I would not support this change (to use String).
Storing a string as a key means that you might be tempted to put some sort of information embedded in the ‘key’ of the data. But these identifiers should not contain information about what the record is in the identifier…that’s called an ‘antipattern’
In addition, the resource size of the identifier would be extremely large compared to the equivalent 4 byte bigint:
549755813888 = 4 bytes
“549755813888” = 6*2 bytes = 12 bytes plus any varchar storage overhead in the encoding. It would be 24 bytes if your varchars are stored as UTF-16.
Finding the record by the id would also be a more expensive operation:
549755813888
549755813828
These strings are the same length, but you’d have to calculate a hash on it and compare those values…and if you’re storing the hash of the value anyway, then you’re not gaining anything except a ‘readable’ key which means you’re storing information in the key.

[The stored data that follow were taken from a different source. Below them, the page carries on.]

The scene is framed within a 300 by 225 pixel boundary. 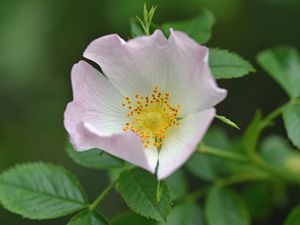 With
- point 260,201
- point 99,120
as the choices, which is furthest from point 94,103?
point 260,201

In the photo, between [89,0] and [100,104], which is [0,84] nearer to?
[89,0]

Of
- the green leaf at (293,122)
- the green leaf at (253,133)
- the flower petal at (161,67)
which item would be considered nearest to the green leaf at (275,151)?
the green leaf at (253,133)

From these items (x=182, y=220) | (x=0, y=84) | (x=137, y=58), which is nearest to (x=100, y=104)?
(x=137, y=58)

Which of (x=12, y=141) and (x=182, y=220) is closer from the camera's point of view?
(x=182, y=220)

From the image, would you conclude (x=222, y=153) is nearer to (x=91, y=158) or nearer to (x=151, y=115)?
(x=151, y=115)

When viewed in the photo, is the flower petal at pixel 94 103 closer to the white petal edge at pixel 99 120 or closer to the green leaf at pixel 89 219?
the white petal edge at pixel 99 120

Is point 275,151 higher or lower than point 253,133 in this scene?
lower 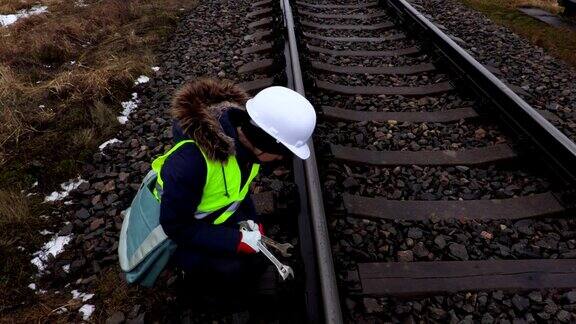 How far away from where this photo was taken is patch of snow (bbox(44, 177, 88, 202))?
3.34 metres

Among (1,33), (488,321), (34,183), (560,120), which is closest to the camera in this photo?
(488,321)

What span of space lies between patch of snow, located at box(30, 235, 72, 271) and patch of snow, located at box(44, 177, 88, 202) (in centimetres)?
46

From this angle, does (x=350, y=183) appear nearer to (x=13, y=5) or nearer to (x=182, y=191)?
(x=182, y=191)

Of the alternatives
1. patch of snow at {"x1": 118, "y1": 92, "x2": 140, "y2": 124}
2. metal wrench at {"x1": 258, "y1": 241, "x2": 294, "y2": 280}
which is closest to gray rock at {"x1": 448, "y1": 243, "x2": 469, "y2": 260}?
metal wrench at {"x1": 258, "y1": 241, "x2": 294, "y2": 280}

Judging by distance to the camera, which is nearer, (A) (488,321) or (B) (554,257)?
(A) (488,321)

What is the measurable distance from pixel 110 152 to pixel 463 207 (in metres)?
3.06

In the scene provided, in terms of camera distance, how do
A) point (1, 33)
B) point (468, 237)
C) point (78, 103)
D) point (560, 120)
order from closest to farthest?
point (468, 237)
point (560, 120)
point (78, 103)
point (1, 33)

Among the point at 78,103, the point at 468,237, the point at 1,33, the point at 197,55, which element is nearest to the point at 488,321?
the point at 468,237

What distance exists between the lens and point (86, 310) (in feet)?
8.26

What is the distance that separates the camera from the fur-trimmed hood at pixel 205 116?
6.23 feet

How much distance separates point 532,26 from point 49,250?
7628 millimetres

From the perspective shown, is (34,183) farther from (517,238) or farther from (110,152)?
(517,238)

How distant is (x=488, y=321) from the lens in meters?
2.41

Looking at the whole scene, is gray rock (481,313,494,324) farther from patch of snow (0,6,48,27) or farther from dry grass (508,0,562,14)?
patch of snow (0,6,48,27) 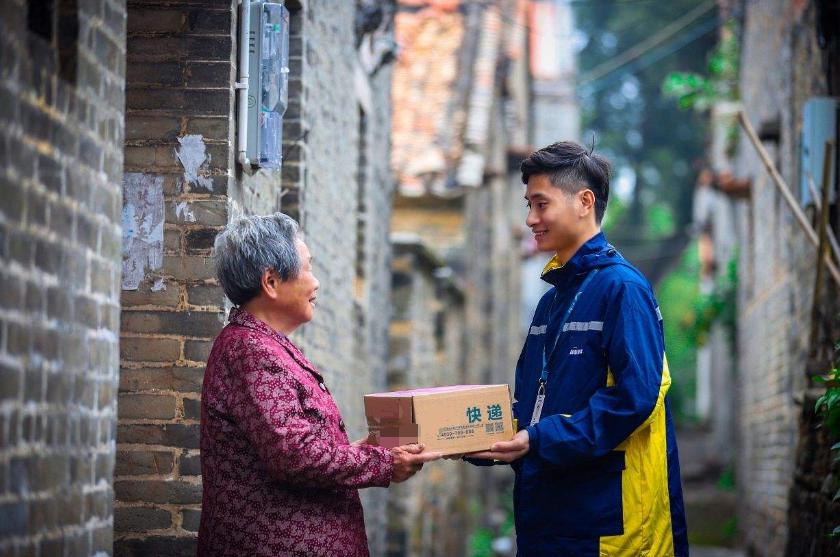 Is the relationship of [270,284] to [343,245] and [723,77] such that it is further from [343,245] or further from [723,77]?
[723,77]

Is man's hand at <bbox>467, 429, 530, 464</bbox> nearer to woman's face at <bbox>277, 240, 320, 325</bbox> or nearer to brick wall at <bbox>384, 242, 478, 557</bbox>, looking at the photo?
woman's face at <bbox>277, 240, 320, 325</bbox>

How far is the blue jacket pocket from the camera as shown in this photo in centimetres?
376

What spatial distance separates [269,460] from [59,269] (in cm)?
81

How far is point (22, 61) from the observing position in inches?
121

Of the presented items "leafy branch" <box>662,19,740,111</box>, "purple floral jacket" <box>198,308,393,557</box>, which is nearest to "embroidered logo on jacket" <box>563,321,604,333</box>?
"purple floral jacket" <box>198,308,393,557</box>

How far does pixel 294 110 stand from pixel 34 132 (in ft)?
10.8

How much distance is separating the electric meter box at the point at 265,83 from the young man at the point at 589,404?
63.4 inches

Indexing on these columns would be impacted from the larger storage size: less rows would fit within a page, hence making your B-tree much larger.
I am not sure I understand:
What does the data type of the PK/FK have to do with the ease of maintaining it?
Edit:
<oops>
I’m pretty sure R handles numbers natively very well.
</oops>
I understand your point now on R and 64bits…if you want to do certain operations on vectors of values (like avg, sum, etc), but…these are keys, you won’t be doing that. the as.numeric()
will handle that datatype.
You mention a GUID, which is not a string, but a 16 byte value. But it’s just another numeric value that is formatted as xxxxxxxx-xxxx-xxxx-xxxx-xxxxxxxxxxxx…in order to use it in a query, you’d need to convert the string form into the underlying GUID value, which causes more overhead. But, a GUID is more ‘distributed network’ friendly in that any peer that generates a record of data can generate their own GUIDs and not have a real risk of collision with another datasource.
I’d be more supportive of a GUID as a key value than a ‘String’, so maybe if you change the title of the post to be specific about GUID, you might get more support
But I am having trouble finding information about ‘native’ support of GUID/UUID in R. Are you sure it’s natively supported?
-Chris